Variational Approximations in a Path-Integral Description of Potential Scattering

TL;DR

This paper develops new variational approximations within a path integral framework for potential scattering, incorporating classical trajectories and quantum effects, and demonstrates improved accuracy over traditional methods at high energies and large angles.

Contribution

It introduces a novel variational approach using a quadratic ansatz in the path integral representation for the T-matrix, combining classical and quantum elements, with numerical solutions and corrections.

Findings

Better agreement with exact results at large scattering angles

Improved accuracy over eikonal approximations at high energies

Inclusion of quantum wave spreading effects

Abstract

Using a recent path integral representation for the T-matrix in nonrelativistic potential scattering we investigate new variational approximations in this framework.

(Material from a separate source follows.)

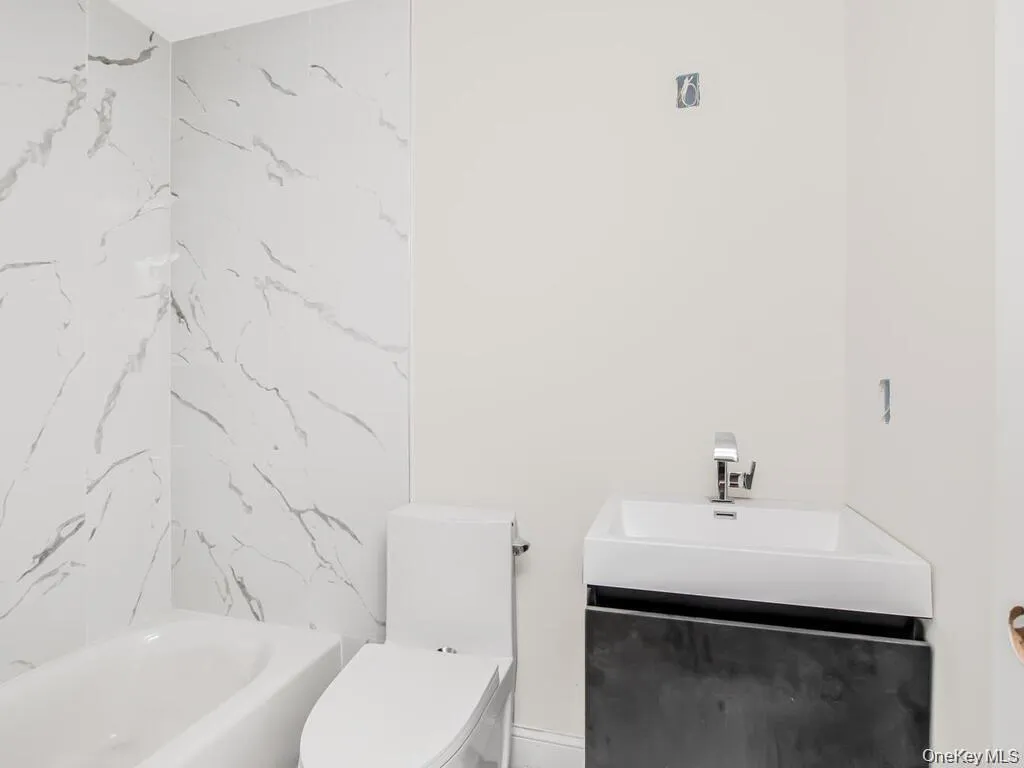 65 2nd Street, Mount Vernon, NY, 3 Bedrooms Bedrooms, 6 Rooms Rooms,4 BathroomsBathrooms,Residential,For Rent,2nd,0,1029046 65 2nd Street, Mount Vernon, NY, 3 Bedrooms Bedrooms, 6 Rooms Rooms,4 BathroomsBathrooms,Residential,For Rent,2nd,0,1029046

By means of the Feynman-Jensen variational principle and the most general ansatz quadratic in the velocity variables -- over which one has to integrate functionally -- we obtain variational equations which contain classical elements (trajectories) as well as quantum-mechanical ones (wave spreading).We analyse these equations and solve them numerically by iteration, a procedure best suited at high energy. The first correction to the variational result arising from a cumulant expansion is also evaluated. Comparison is made with exact partial-wave results for scattering from a Gaussian potential and better agreement is found at large scattering angles where the standard eikonal-type approximations fail.